§ Data for the task:
-----
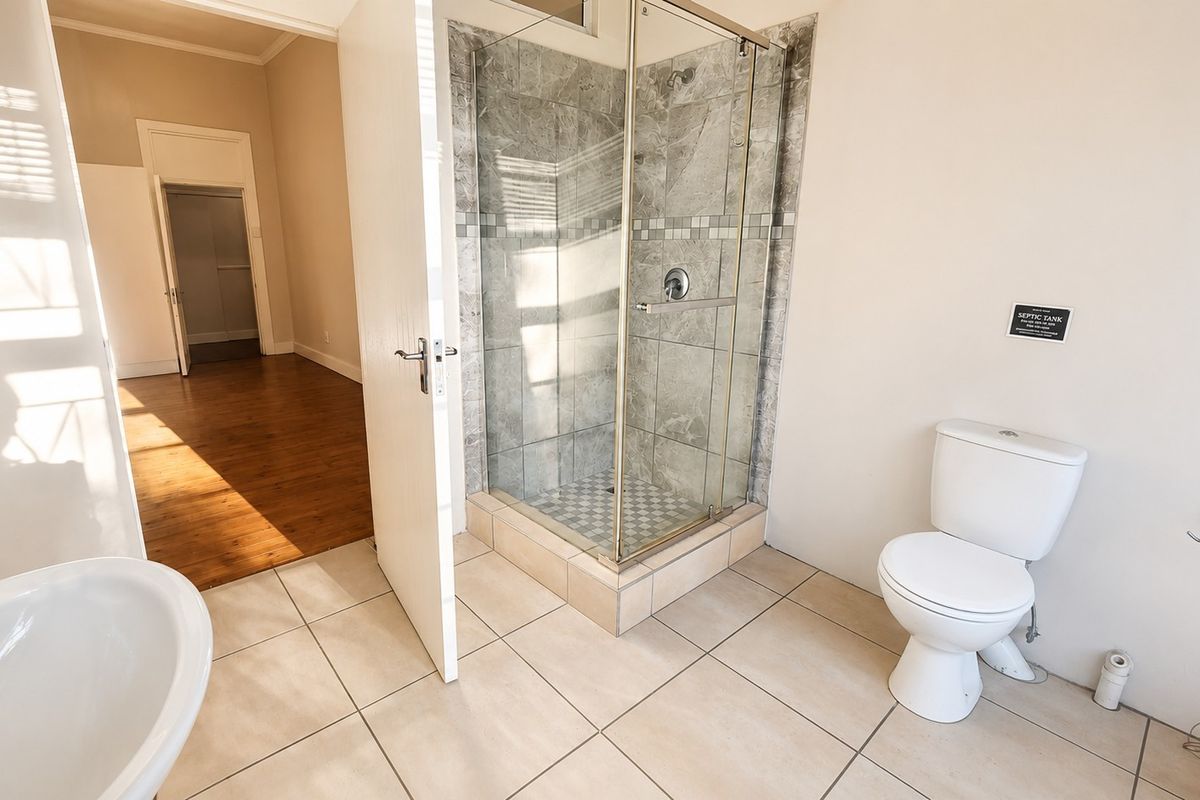 A clean, functional bathroom featuring a tiled shower enclosure, pedestal basin, and toilet, with neutral floor tiles and direct access to an adjacent room.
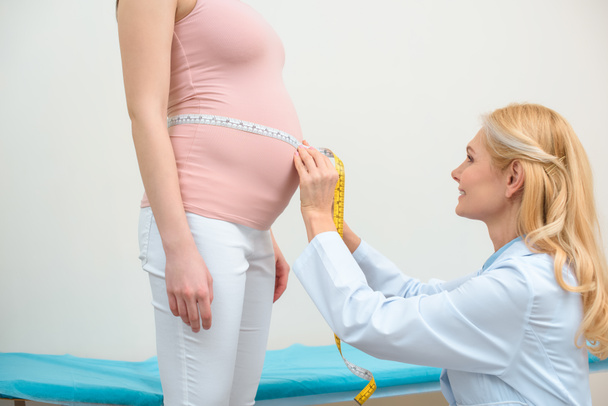 вид сбоку акушера-гинеколога, измеряющего размер живота беременной женщины с помощью измерительной ленты
 - Фото, изображение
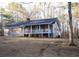 Single-story home featuring wood siding, white trim, and a cozy front porch at 823 Mount Tabor Rd, Oxford, GA 30054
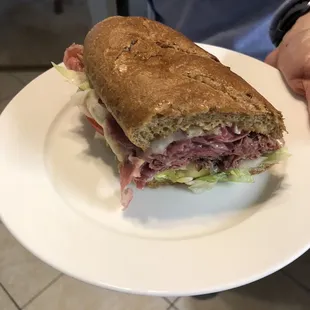 a person holding a plate with a sandwich on it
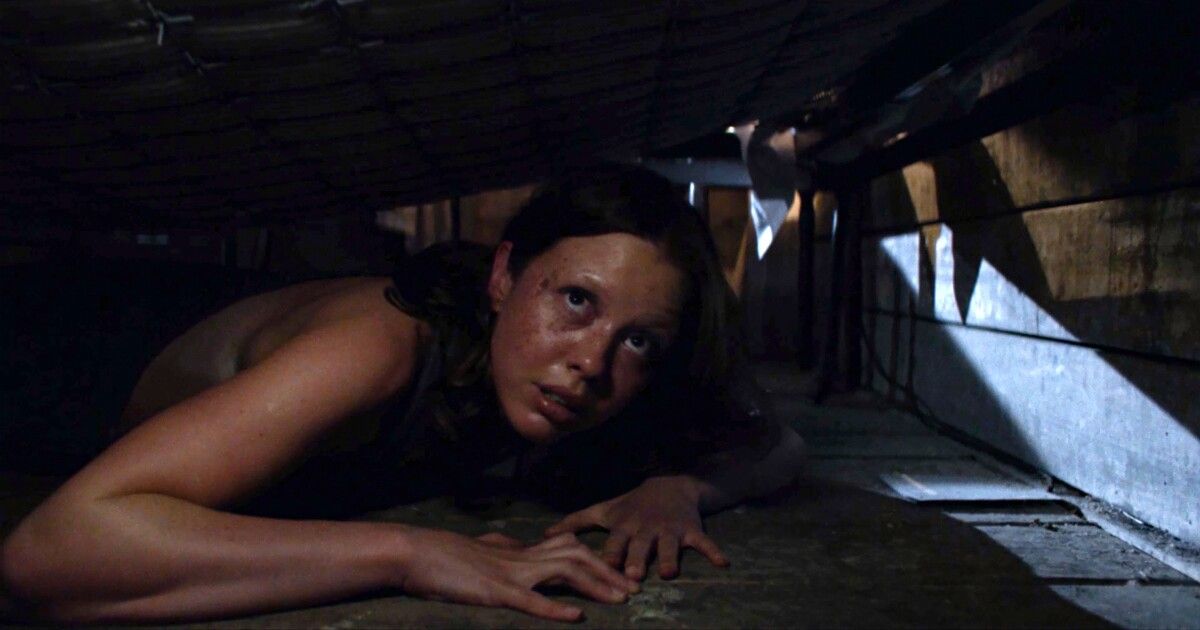 Mia Goth hides under a bed in X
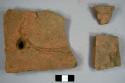 Brick roofing tile fragments, including one with nail hole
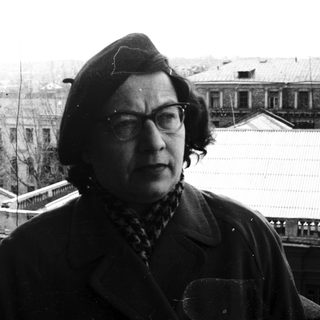 Man in a hat stands on a rooftop overlooking buildings.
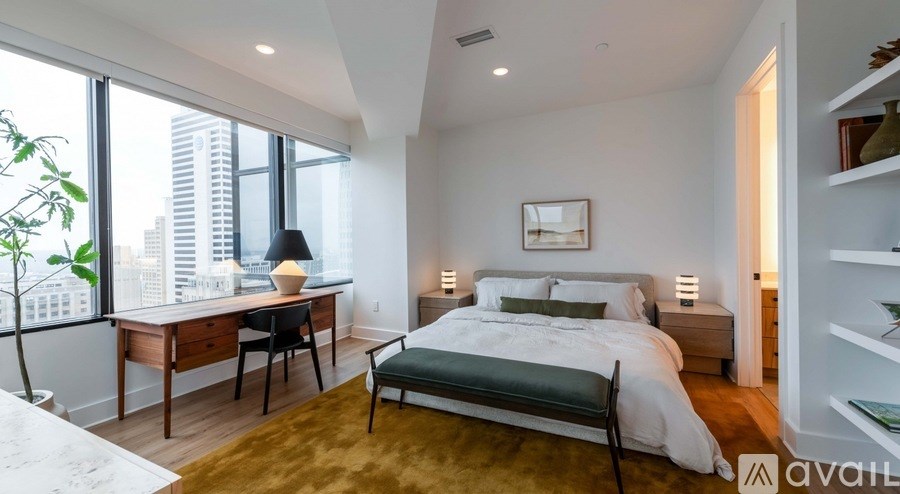 A bedroom with a large bed and a desk with a chair.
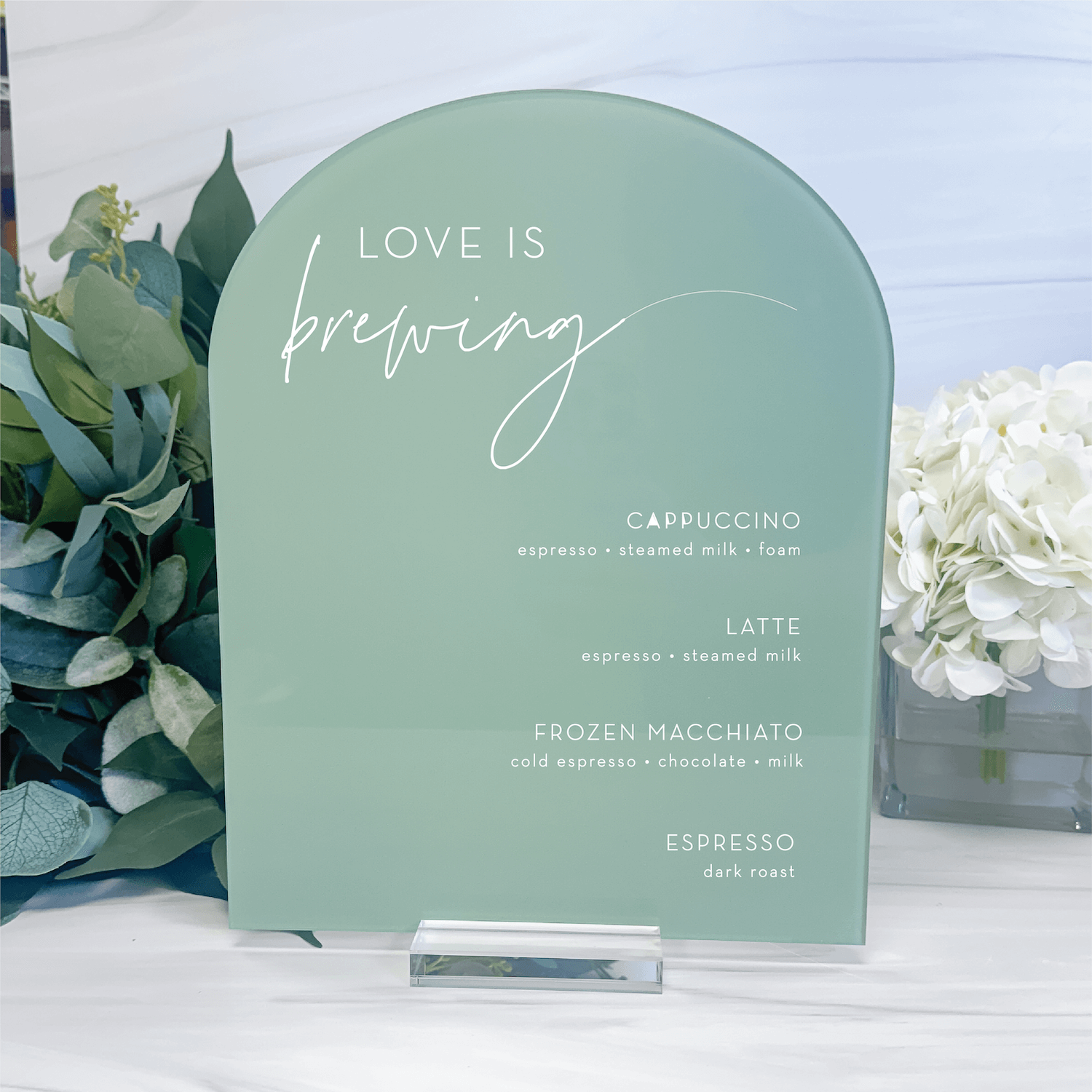 Sage green arch-shaped acrylic sign with white script text reading "Love Is Brewing" and coffee drink options listed below, displayed with greenery and white flowers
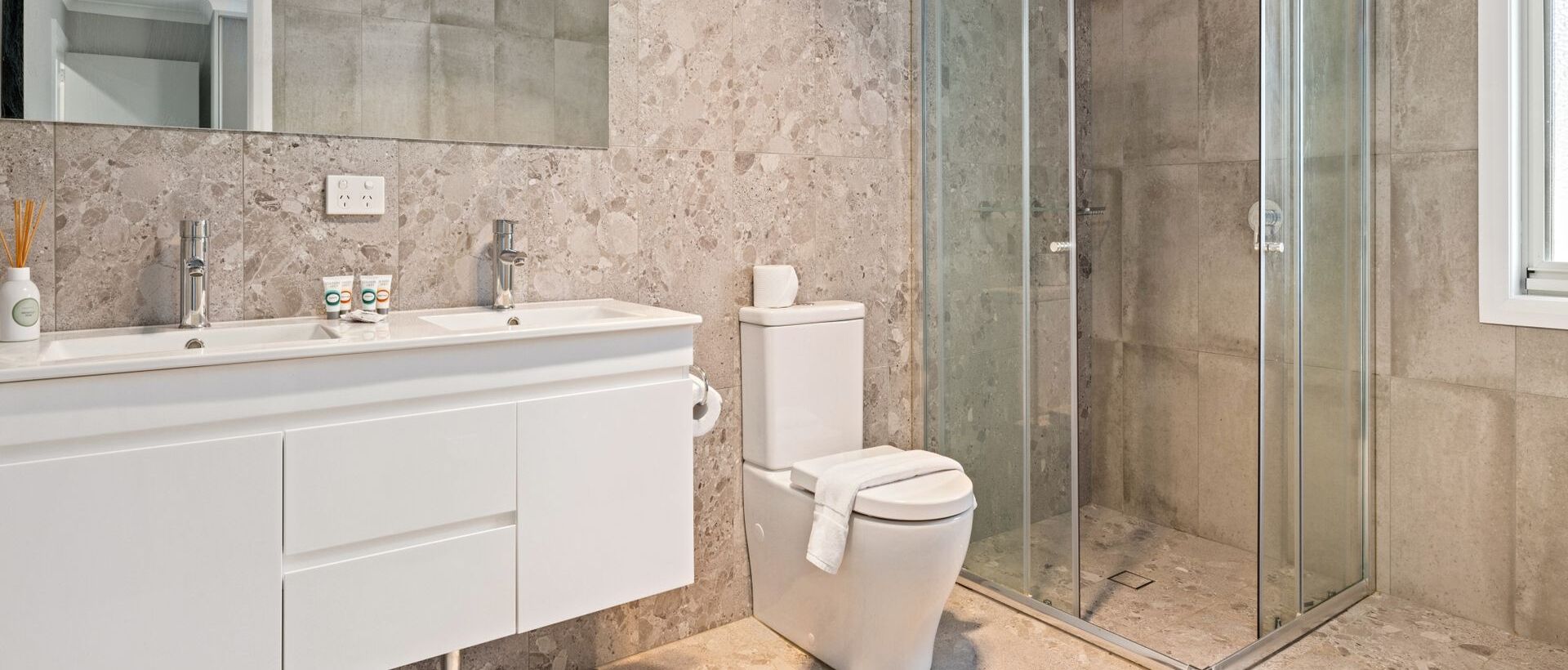 Et moderne badeværelse med vask i marmor, toilet og brusekabine med glasvægge.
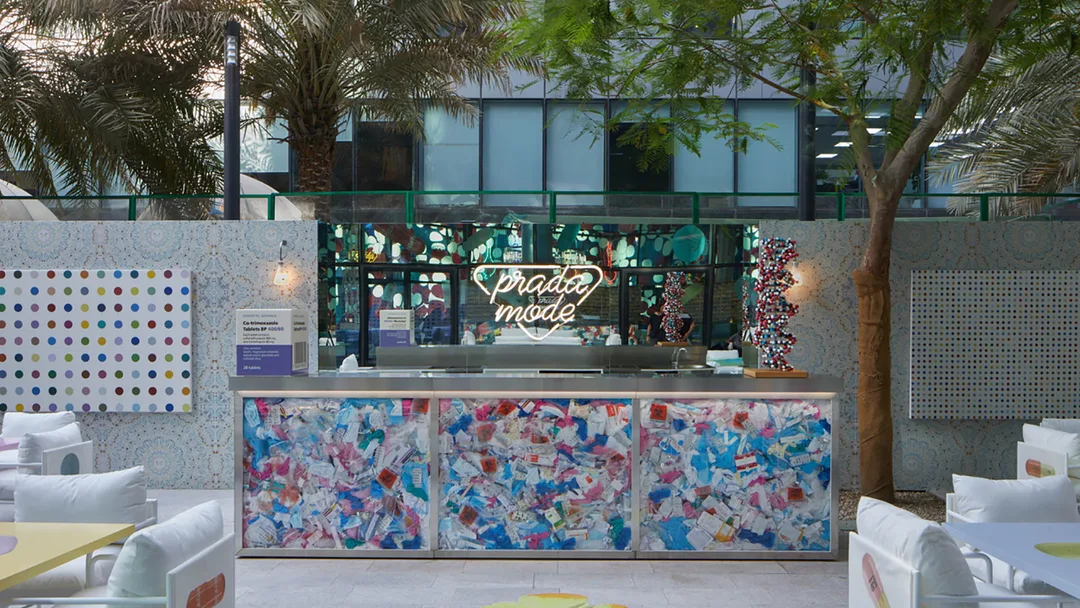 Custom outdoor counters fabricated to continue the Prada Mode visual language.
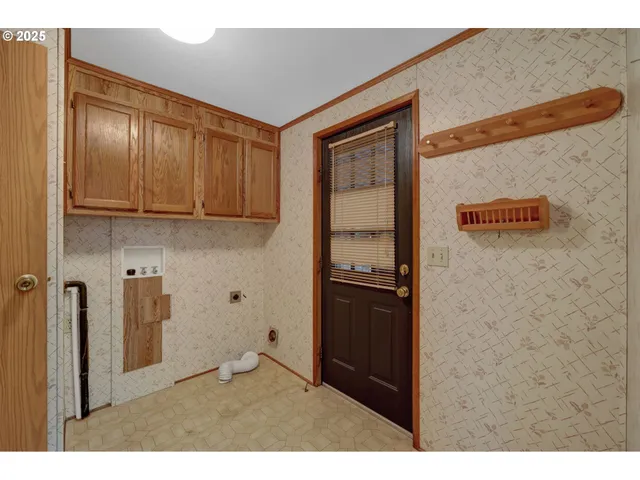 a view of kitchen with granite countertop cabinets and refrigerator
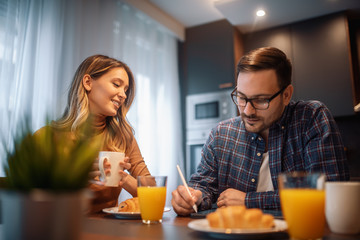 Happy couple having breakfast at home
-----
§ What the exercise asks: Without the pictures, return all the records precisely as they stand.

§ Exercise result:
 A clean, functional bathroom featuring a tiled shower enclosure, pedestal basin, and toilet, with neutral floor tiles and direct access to an adjacent room.
 вид сбоку акушера-гинеколога, измеряющего размер живота беременной женщины с помощью измерительной ленты
 - Фото, изображение
 Single-story home featuring wood siding, white trim, and a cozy front porch at 823 Mount Tabor Rd, Oxford, GA 30054
 a person holding a plate with a sandwich on it
 Mia Goth hides under a bed in X
 Brick roofing tile fragments, including one with nail hole
 Man in a hat stands on a rooftop overlooking buildings.
 A bedroom with a large bed and a desk with a chair.
 Sage green arch-shaped acrylic sign with white script text reading "Love Is Brewing" and coffee drink options listed below, displayed with greenery and white flowers
 Et moderne badeværelse med vask i marmor, toilet og brusekabine med glasvægge.
 Custom outdoor counters fabricated to continue the Prada Mode visual language.
 a view of kitchen with granite countertop cabinets and refrigerator
 Happy couple having breakfast at home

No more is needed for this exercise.